L'Europe n'est pas dans la même situation que le Japon, mais les pressions déflationnistes dans la zone euro sont de plus en plus préoccupantes pour les Européens et les investisseurs.
Le 5 février, la Commission européenne a indiqué que les prix devraient baisser en moyenne de 0,1% dans la zone euro cette année. Et la CE est plus pessimiste qu'en novembre, alors qu'elle prévoyait une hausse des prix de 0,8% en 2015.
Il faut dire que les prix baissent constamment ces derniers mois. En décembre, ils ont diminué de 0,2%; et en janvier, le recul était 0,6%, selon Eurostat.
Bon nombre d'économistes affirment que la dégringolade des prix du baril du pétrole est la principale cause des pressions déflationnistes dans la zone euro.
Mais la chute du cours de l'or noir n'explique pas tout. Par exemple, en décembre, l'inflation s'établissait à 1,5% au Canada, selon Statistique Canada.
À court terme, une baisse générale des prix pourrait même être positive, soulignent certains analystes. Car, toute chose étant égale par ailleurs, elle peut être assimilable à une baisse d'impôt, ce qui stimulerait les dépenses de consommation.
C'est quand la baisse générale des prix s'étale dans le temps qu'elle devient un véritable cauchemar, font remarquer les économistes.
Pourquoi la déflation est un cauchemar
Pourquoi? Les salaires baissent. Les dépenses de consommation reculent. Les ventes et les revenus des sociétés déclinent - ce qui les incite à réduire leurs prix. Cela s'est produit aux États-Unis, dans les années 1930, et au Japon, depuis près de 20 ans.
Pis encore, tous les agents économiques - consommateurs, entreprises, gouvernements - voient leur niveau d'endettement bondir puisque les dettes ne changent pas en valeur nominale.
L'horizon s'assombrit aussi pour les investisseurs. Car la déflation à long terme provoque généralement une stagnation économique, voire une dépression. Rien pour stimuler la valorisation des actions des entreprises cotées en Bourse.

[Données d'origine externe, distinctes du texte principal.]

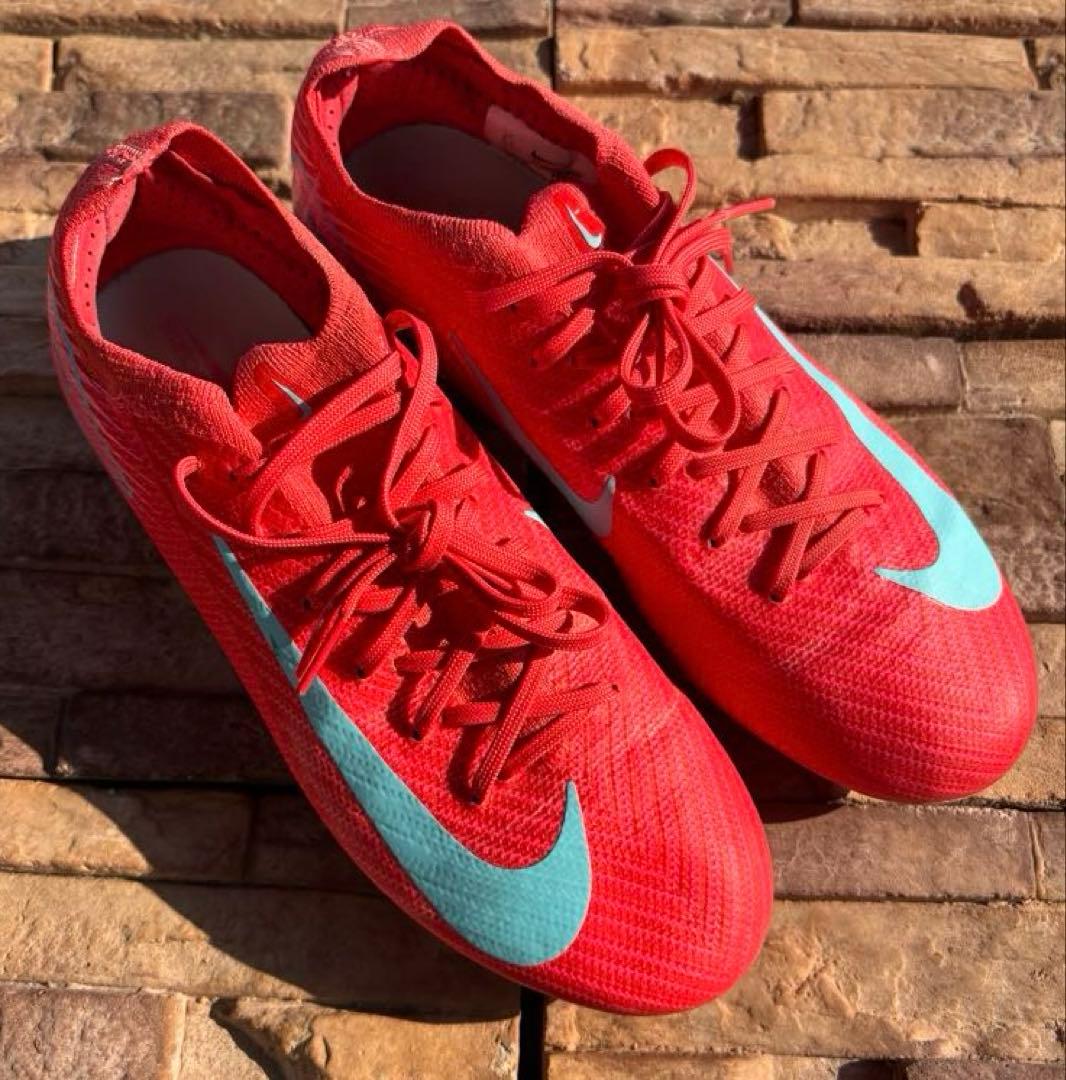 NIKE サッカースパイク マーキュリアルヴェイパー16ピンク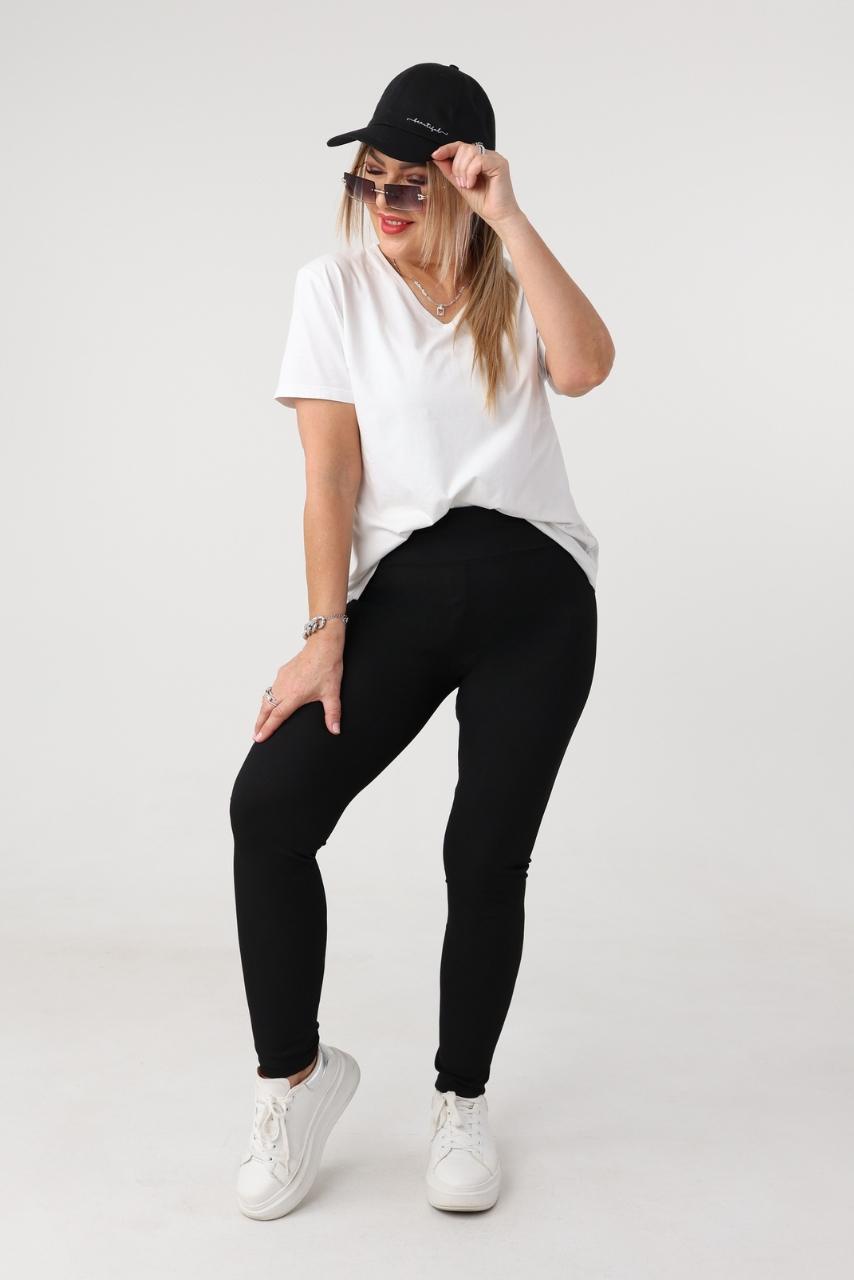 Czarne legginsy prążkowane plus size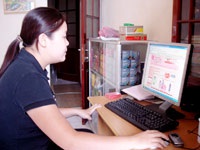 Cô gái bán bao cao su online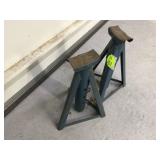 2 JACK STANDS - AUTOMOTIVE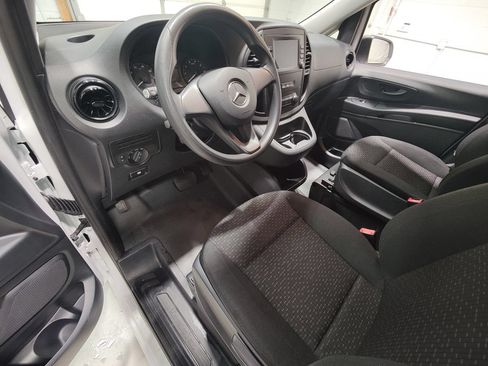 Used 2021 Mercedes-Benz Metris image 23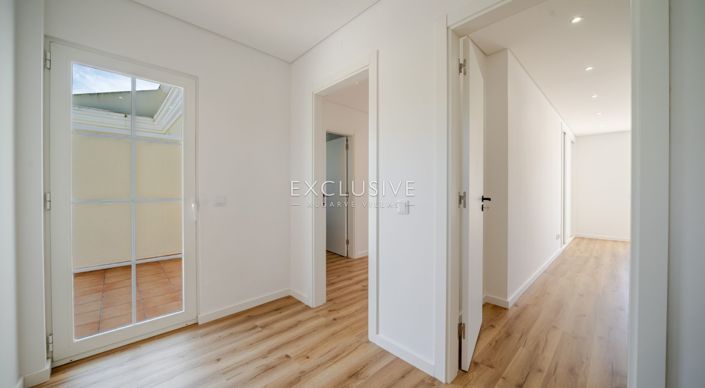 Image No.44-2 Bed Villa for sale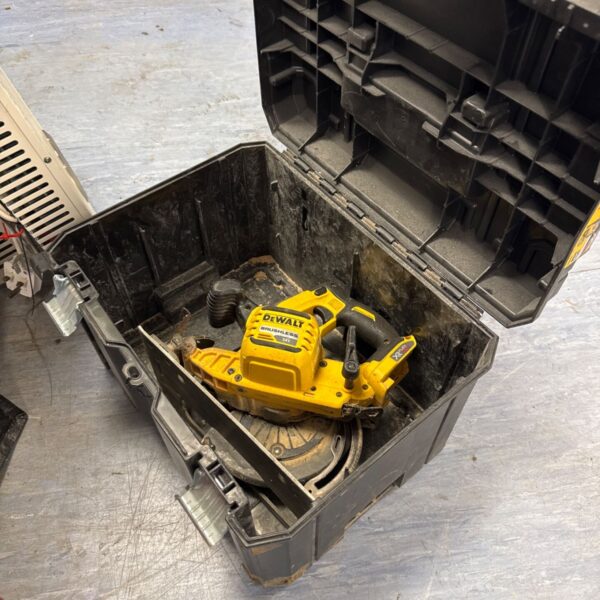 Dewalt XR flex cordless circular saw (body only) in dewalt tool case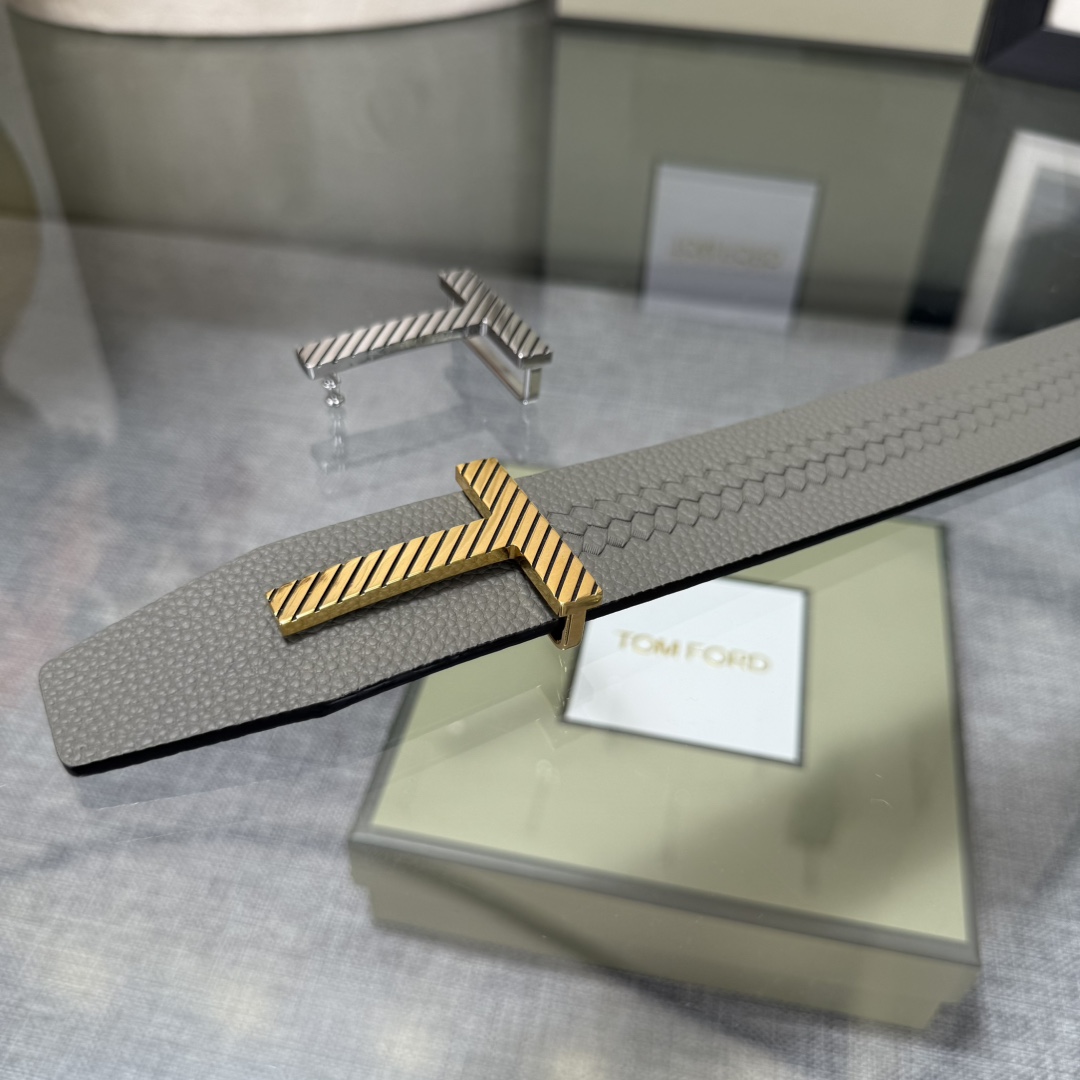 汤姆福特最新网红爆款双面头层牛皮专柜同步3.8宽新款上市了，原版牛皮，搭配铜扣，优雅，大方用的方便。谢谢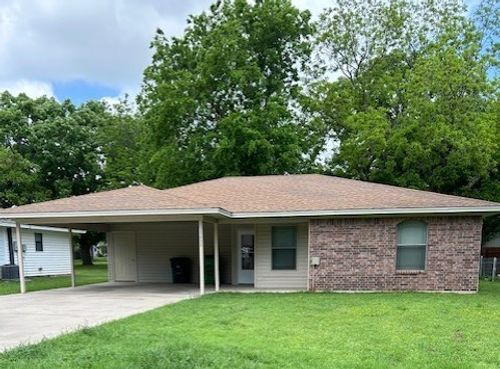 1405 Cherry St, Gainesville, TX, 76240-5031 | Card Image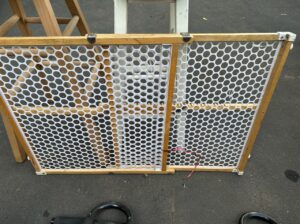 Kid or pet safety gate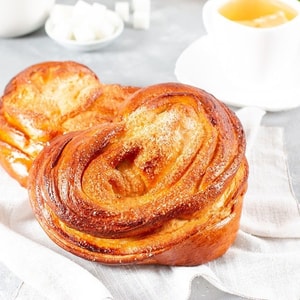 Фото товара 'Булочка с сахаром к чаю'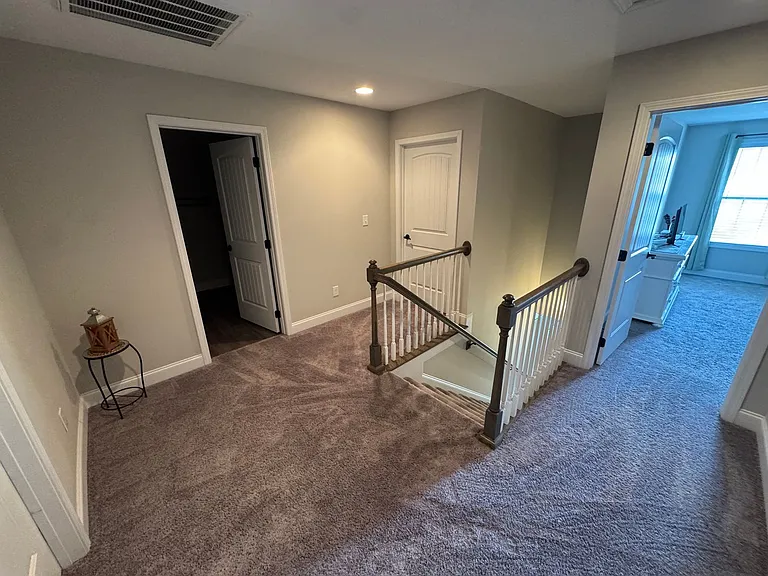 104 Deerberry Ln — Photo 13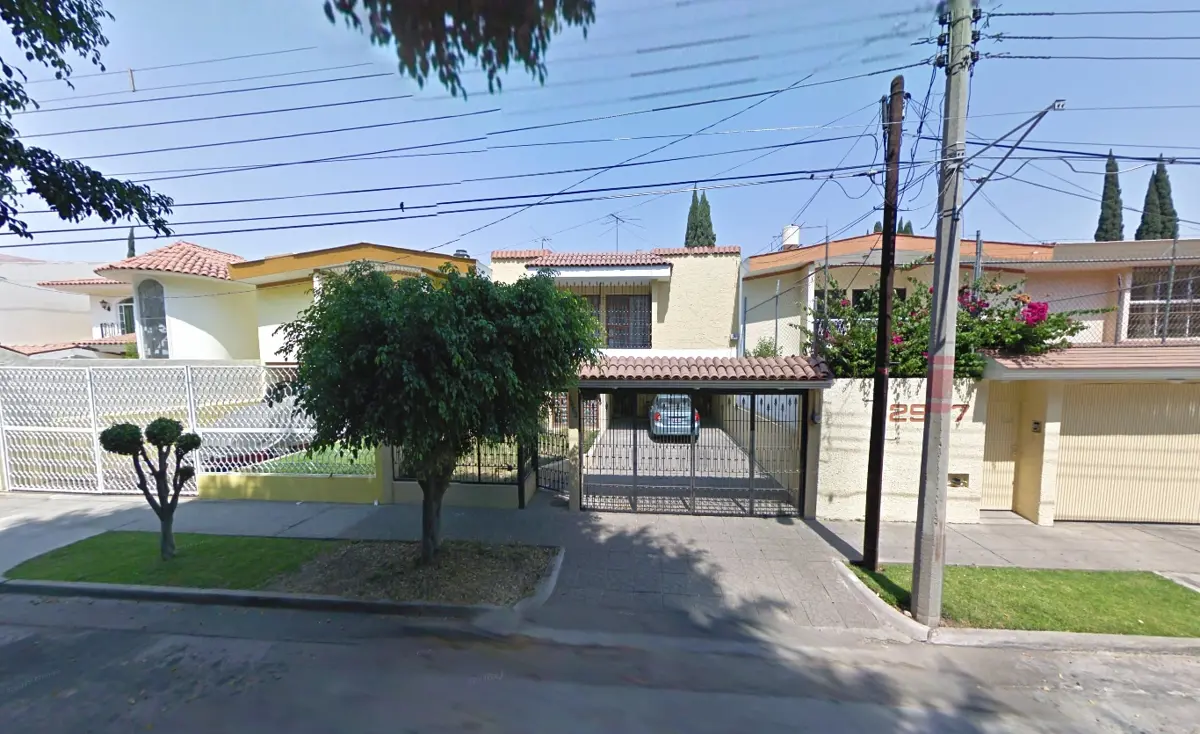 Casa en venta en Bosques de La Victoria, Guadalajara — foto 1 de 14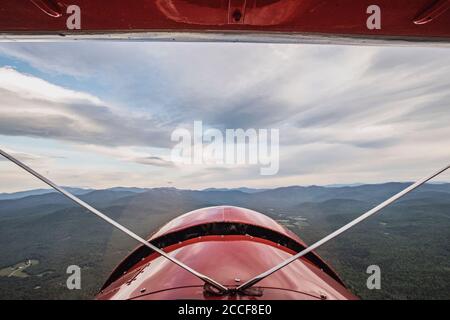Blick vom Cockpit des alten Doppeldecker der White Mountains, New Hampshire Stockfoto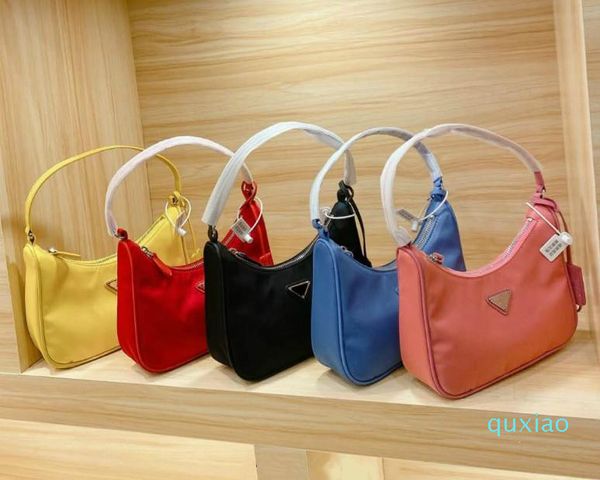 2021 women designer's handbag shoulder bags baguettes fashion style small size solid color nylon hlwyjack size:21*17cm
2021 women designer's handbag shoulder bags baguettes fashion style small size solid color nylon hlwyjack size:21*17cm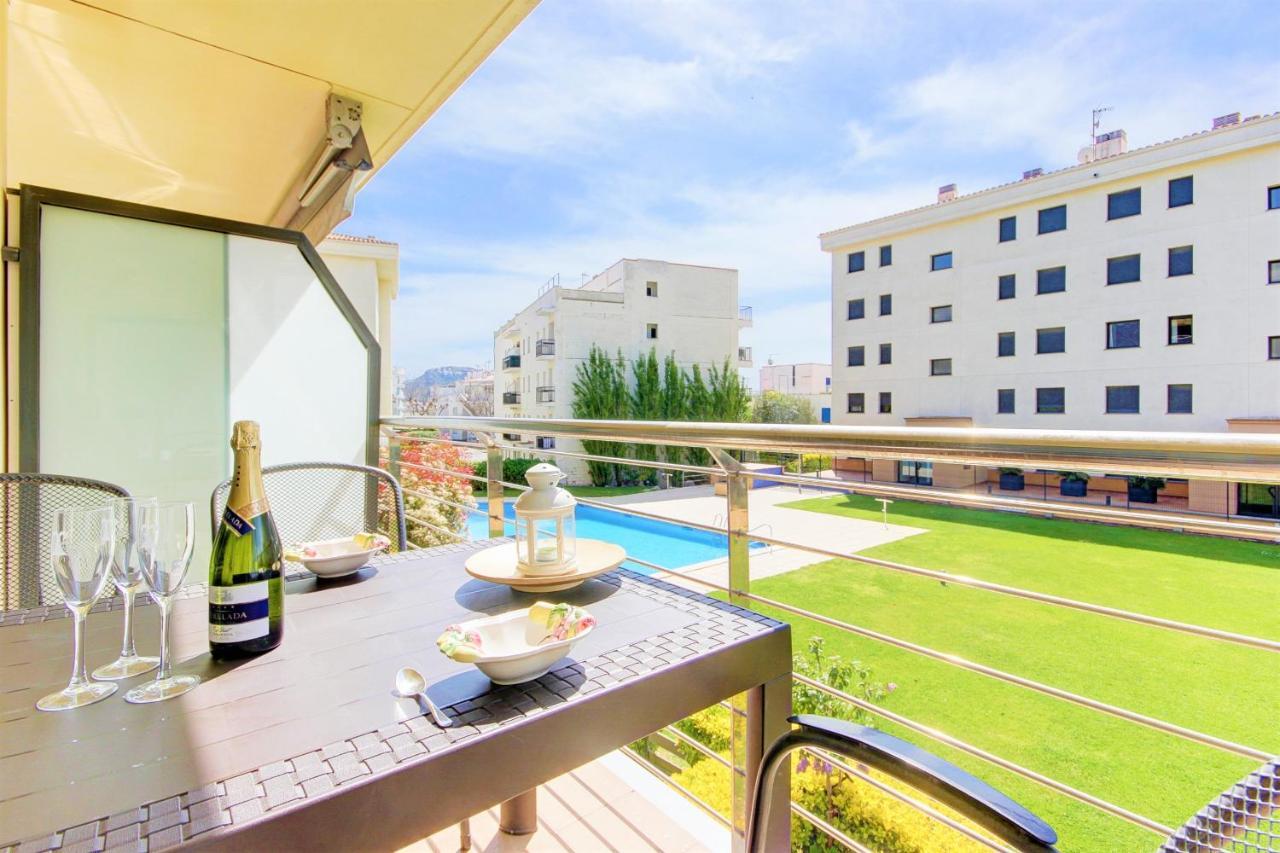 Mileni 2 2 1 1 Roses - Barneda Premium Apartment Екстериор снимка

Reste à savoir maintenant si les pressions déflationnistes dans la zone euro seront seulement temporaires. Beaucoup d'analystes soutiennent que le prix du baril de pétrole est appelé à augmenter dans les prochains trimestres de 2015, voire en 2016.
Mais cela sera-t-il suffisant pour relancer l'ensemble des prix dans la zone euro?
Rien n'est moins sûr, car la zone euro affiche plusieurs faiblesses.
Les faiblesses inquiétantes de la zone euro
À long terme, son potentiel de croissance économique est limité en raison du déclin démographique de l'Europe.
À moyen terme, les politiques d'austérité dans certains pays de la zone euro n'ont rien pour stimuler l'activité économique, bien au contraire.
À court terme, la Banque centrale européenne (BCE) n'a pas la même marge de manoeuvre qu'une banque centrale typique pour stopper la déflation à long terme.
Dans une analyse publiée dans Les Échos en 2014, l'économiste Sylvain Fontan soulignait que le Japon est une nation souveraine sur le plan monétaire avec une banque centrale, qui n'est pas indépendante du pouvoir politique.
En revanche, la zone euro est un espace politique fragmenté, qui a une banque centrale indépendante avec un mandat - ou une mission - restrictif.
Par exemple, la BCE a eu toutes les misères du monde à déployer un semblant de politique d'assouplissement quantitatif, comme la Réserve fédérale aux États-Unis.
La situation de l'Europe n'est certes pas aussi précaire que celle du Japon, avant que le pays ne soit affecté par une déflation rampante, à compter de la fin des années 1990. Quelques années plus tôt, l'éclatement d'une bulle immobilière avait plongé l'économie japonaise dans la tourmente.
Cela dit, le risque que la zone euro plonge durablement dans une déflation à long terme est réel. C'est pourquoi les investisseurs auraient tout intérêt à considérer ce risque dans leurs stratégies de placement en Europe.